Re: Cross Platform Virtual Machine

Posted: Mon Jul 29, 2013 10:37 pm
by zeitue
NickJohnson wrote:
Owen wrote: Time has shown, I think, that the core of x86 has just the right amount of CISCiness.
...except that modern x86 chips dynamically recompile their instructions to RISC-like microcode internally. The x86 ISA may be dense, but it is not easy to parse, since the length of the instruction is not known until several of the bits are examined. And good luck feeding some of those crazy operand arrangements into an out-of-order scheduler in one piece.
dynamically recompilation is pretty much what QEMU does in software, so what you're saying is that the new X86 CPUs like i5 and i7 so on are like an ARM(RISC) CPU with a dynamic layer on top? would that not make them less effective? and if they are built like this is there a way to access the RISC layer underneath it? Or would that not be possible because it is done in microcode?

Re: Cross Platform Virtual Machine

Posted: Tue Jul 30, 2013 5:18 am
by Owen
zeitue wrote:
Owen wrote: If I were to design a hardware architecture today, it would be a "one memory address", three operand architecture with 16/32-bit fixed-variable length instructions. That, I think experience dictates, gives the best code size and decoder area tradeoff
  • What do you mean by one memory address? are you referring to main memory like physical memory?

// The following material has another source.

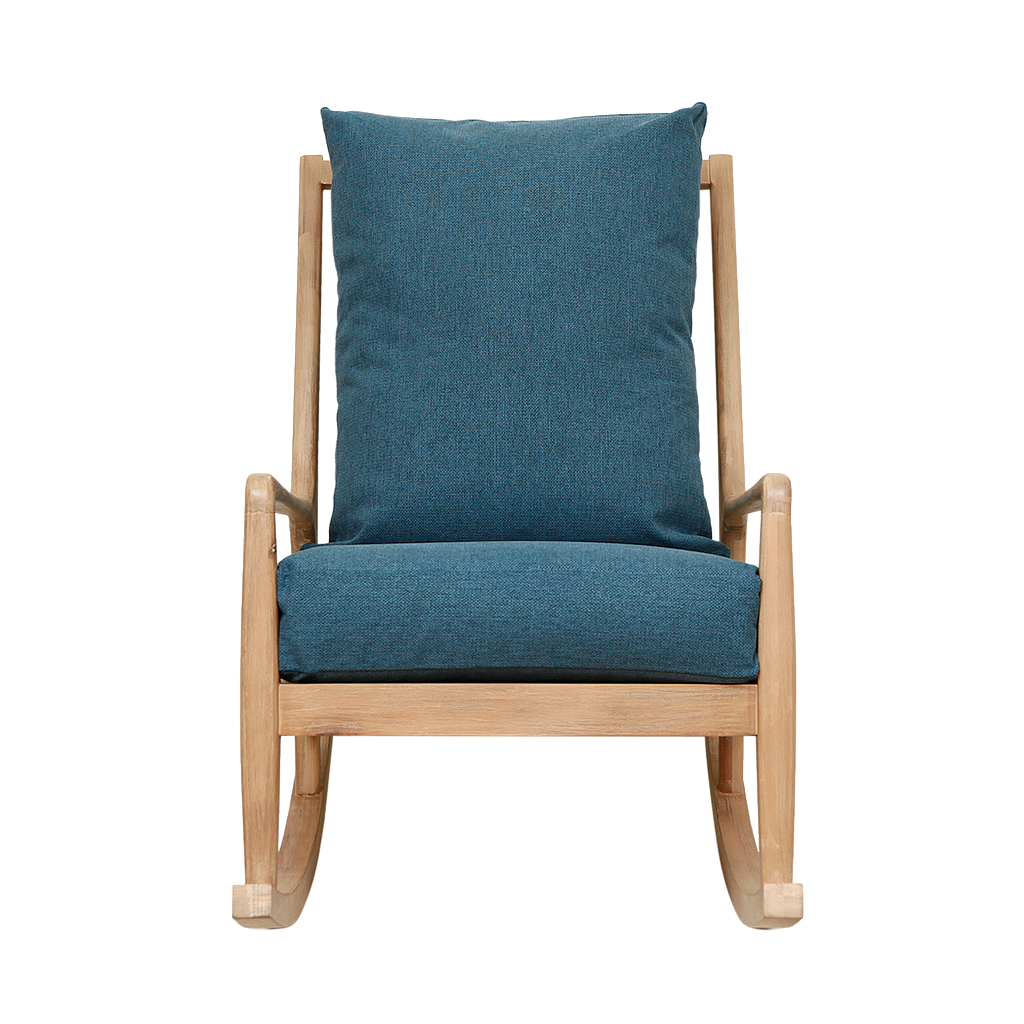 VOLTUMNA - Rocking chair - Toffee and Blue cushions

  • How can it be fixed and variable at the same time? or are there two different types of instruction set?
x86 is a one memory address architecture. (Nearly) every instruction can use a memory operand
zeitue wrote:
Owen wrote: Don't think of multiply our divide instructions as CISC. Every architecture will have them somewhere, even if they're not implemented on smaller implementations
Of course things can be broken down from or built up out of multiple operations as I see it. though I think some instructions on CISC machines can't be broken down?

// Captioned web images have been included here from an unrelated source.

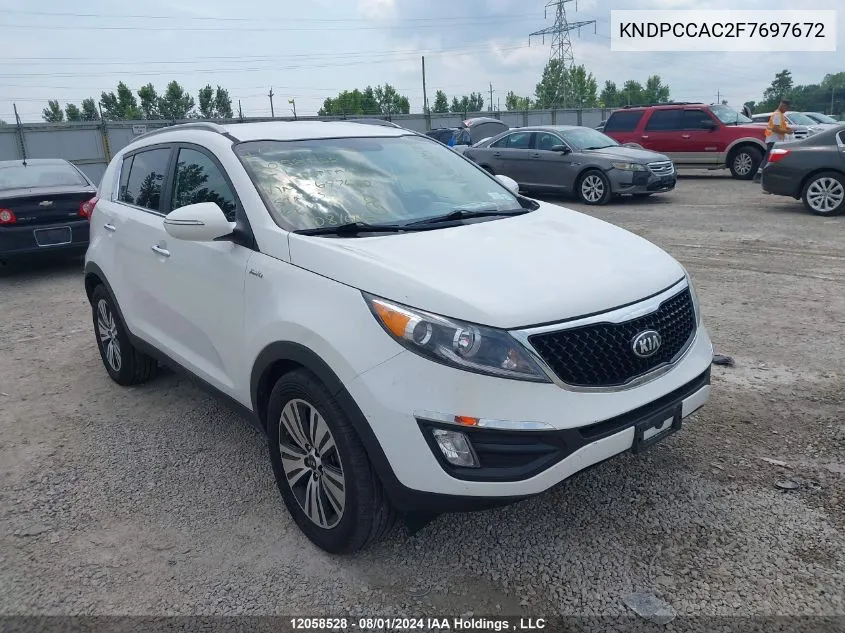 2015 Kia Sportage Ex VIN: KNDPCCAC2F7697672 Lot: 12058528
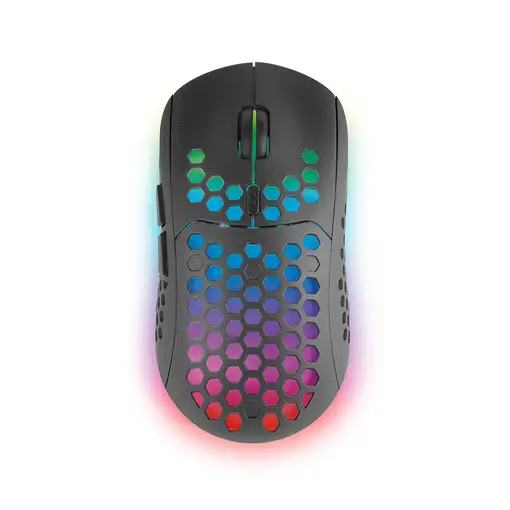 Mars Gaming MMW3, Ratón Gaming Inalámbrico, RGB Flow, Ultraligero 79g, 3200DPI, Ne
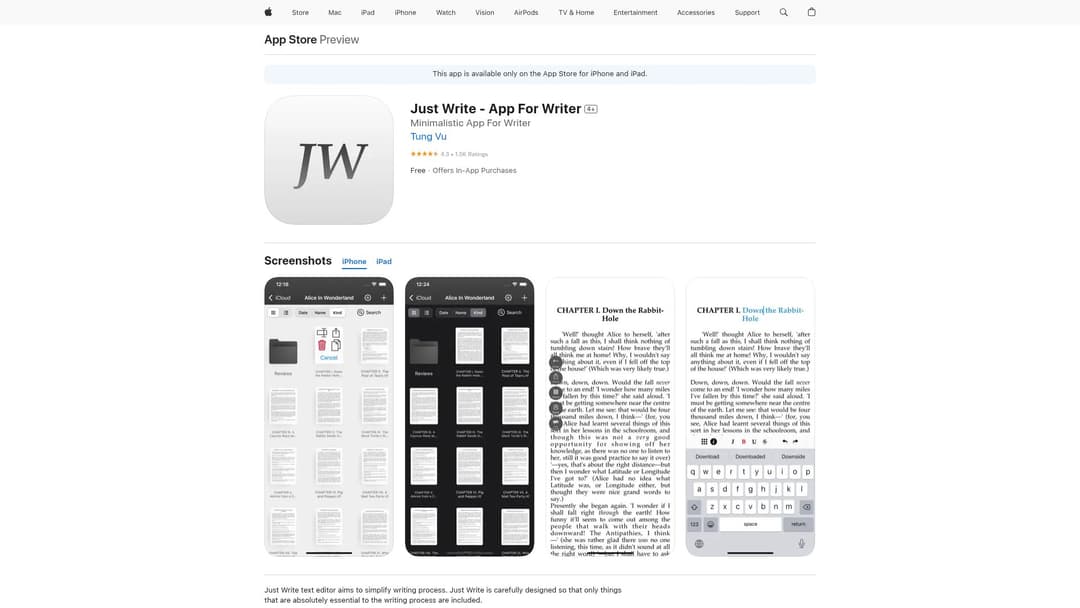 Just Write - App For Writer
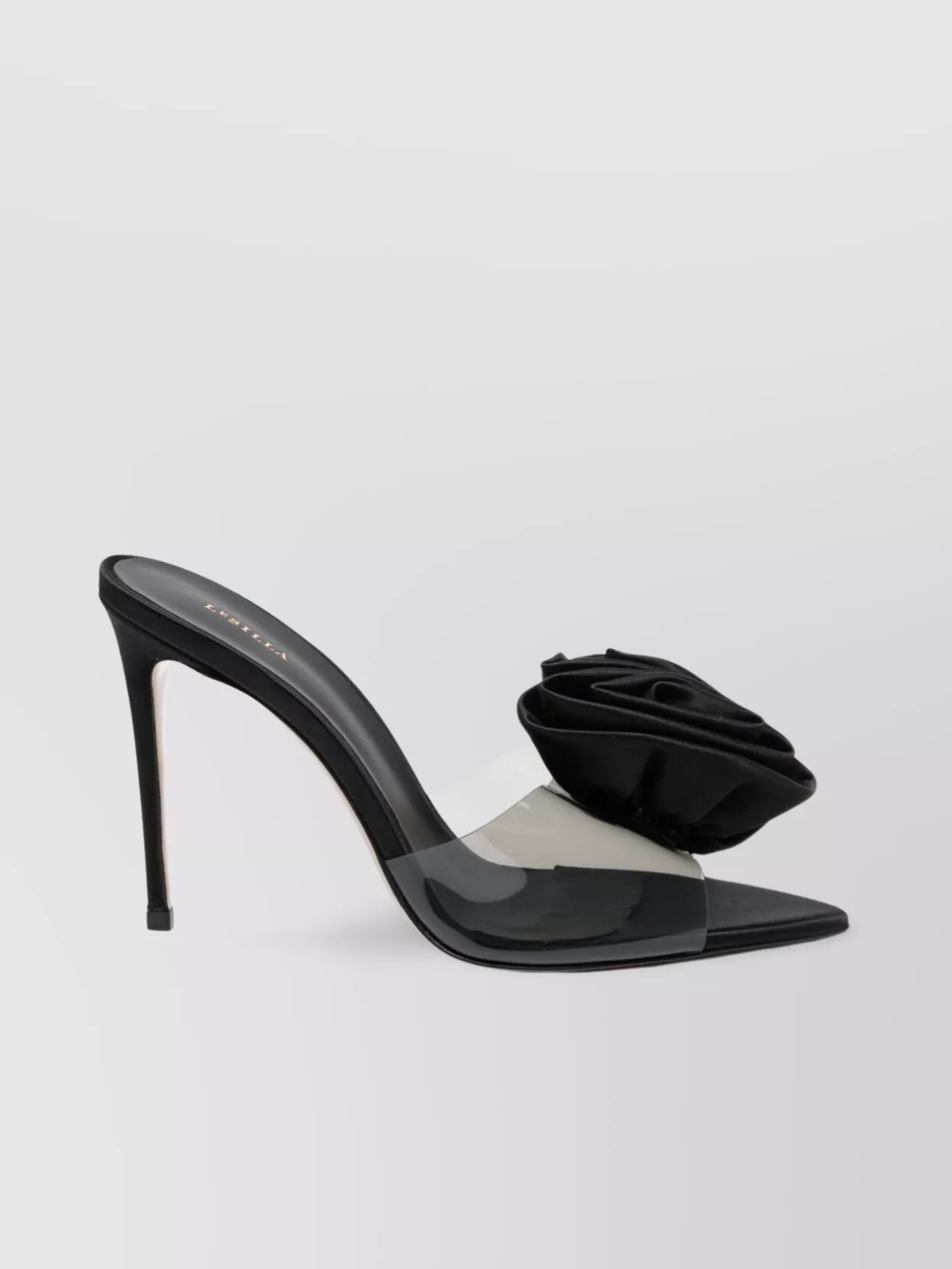Le Silla Floral-appliqué 105mm Transparent Sandals In Black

They're all on modern implementations broken down. The tricky ones are things like system control opcodes where you have to serialize things around them - i.e. the whole pipeline gets drained, then they get executed, then the pipeline refilled
zeitue wrote:
NickJohnson wrote:
Owen wrote: Time has shown, I think, that the core of x86 has just the right amount of CISCiness.

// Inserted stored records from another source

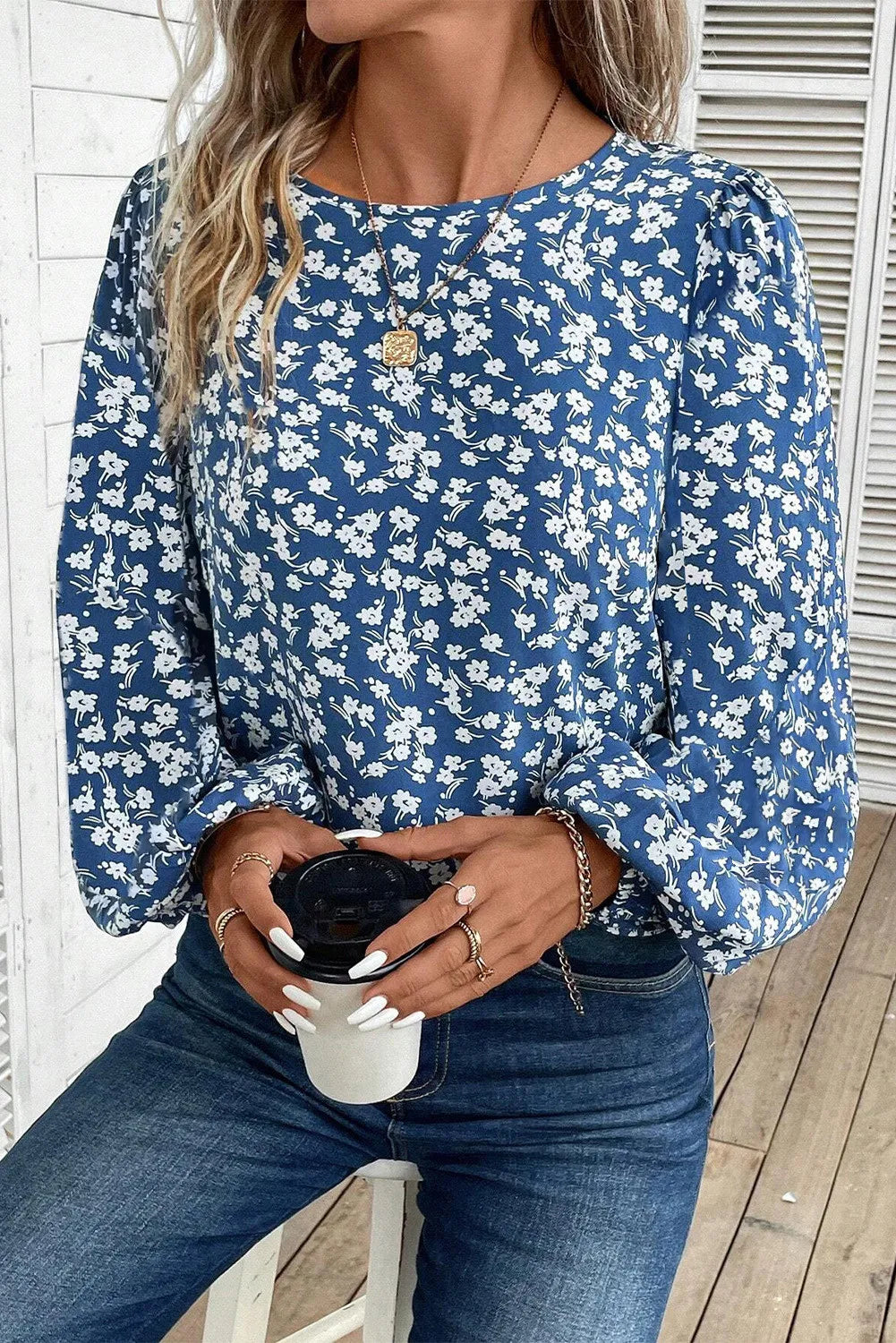 Printed Round Neck Balloon Sleeve Blouse Peacock Blue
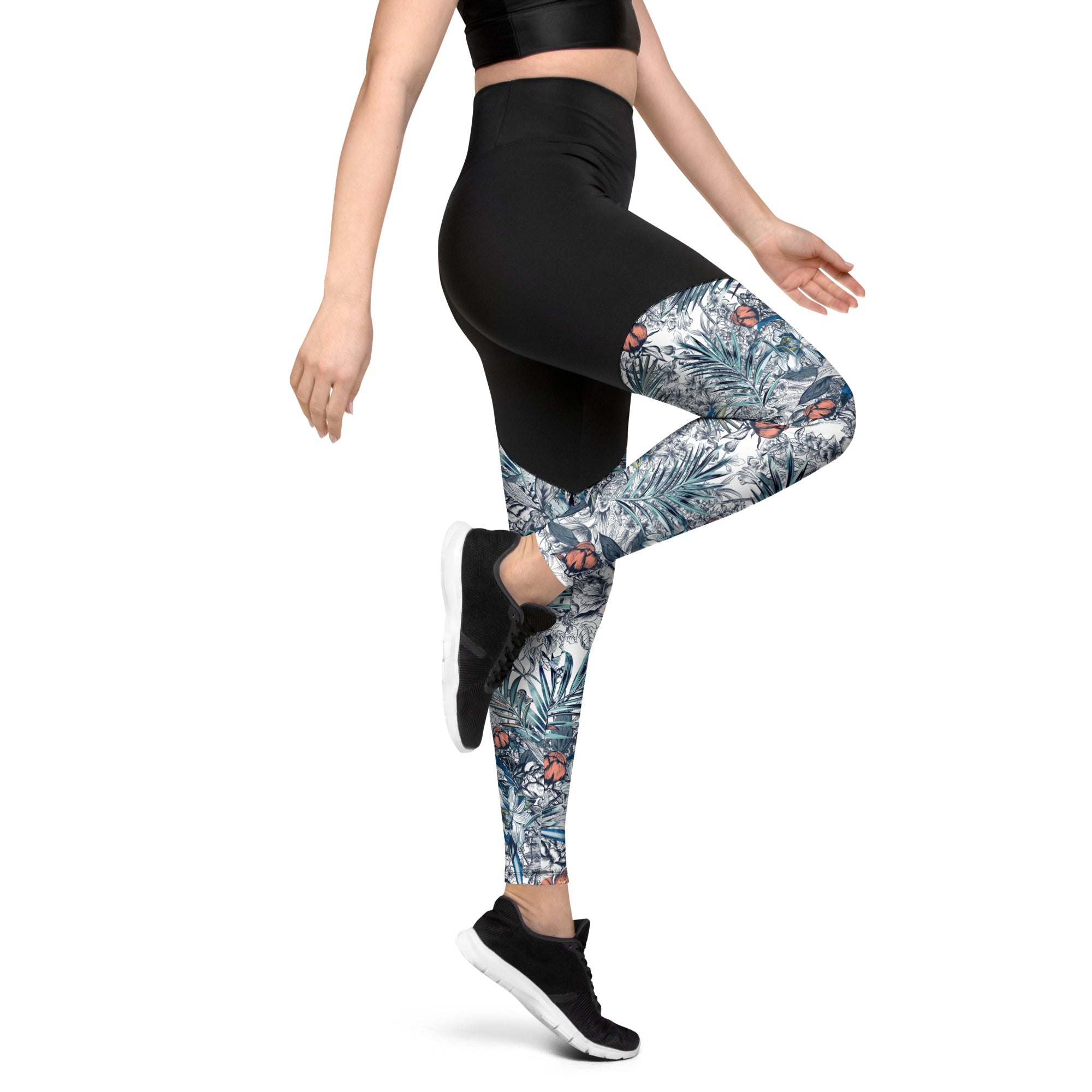 Sports Leggings- Palm Leaves I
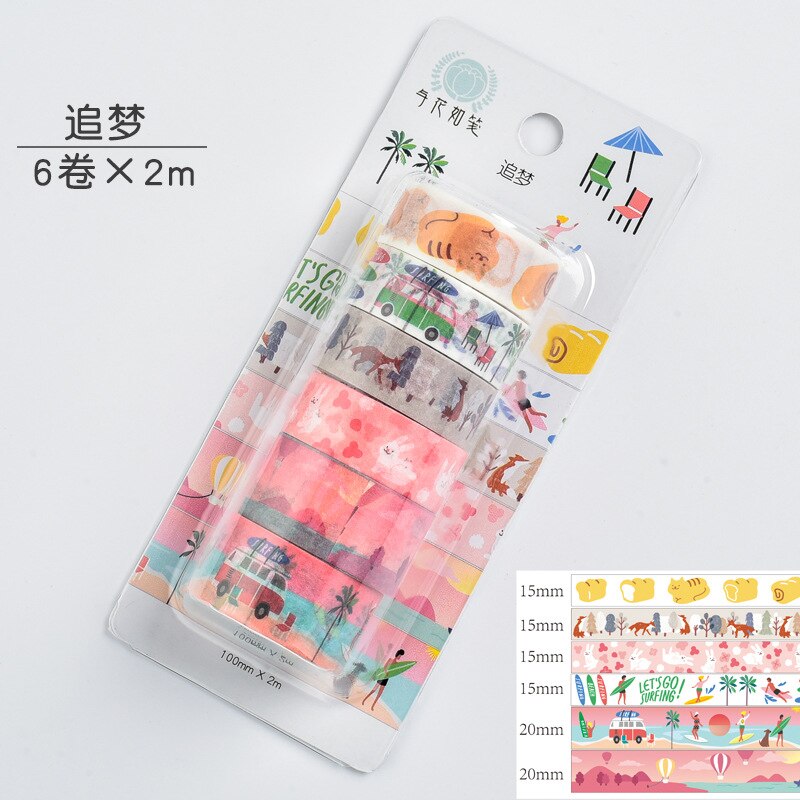 Washi tape kirsebærblomst vaskebånd brevpapir sommerdekorasjon washi tape sett cintas decorativas blomst maskebånd: Jd -362-3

...except that modern x86 chips dynamically recompile their instructions to RISC-like microcode internally. The x86 ISA may be dense, but it is not easy to parse, since the length of the instruction is not known until several of the bits are examined. And good luck feeding some of those crazy operand arrangements into an out-of-order scheduler in one piece.
dynamically recompilation is pretty much what QEMU does in software, so what you're saying is that the new X86 CPUs like i5 and i7 so on are like an ARM(RISC) CPU with a dynamic layer on top? would that not make them less effective? and if they are built like this is there a way to access the RISC layer underneath it? Or would that not be possible because it is done in microcode?
The instructions are broken down into "RISC like" micro-operations internally, that is, say, "inc dword ptr [eax]" would get broken down to
  1. r0 <- LOAD DWORD EAX
  2. r1 <- ADD r0, $1
  3. STORE DWORD EAX, r1
before being issued to the out-of-order execution core.

Internally these instructions look nothing like RISC instructions - when they're decoded both RISC and CISC instructions baloon into wide things (128-bit or more) which are essentially just a bundle of decoded control signals.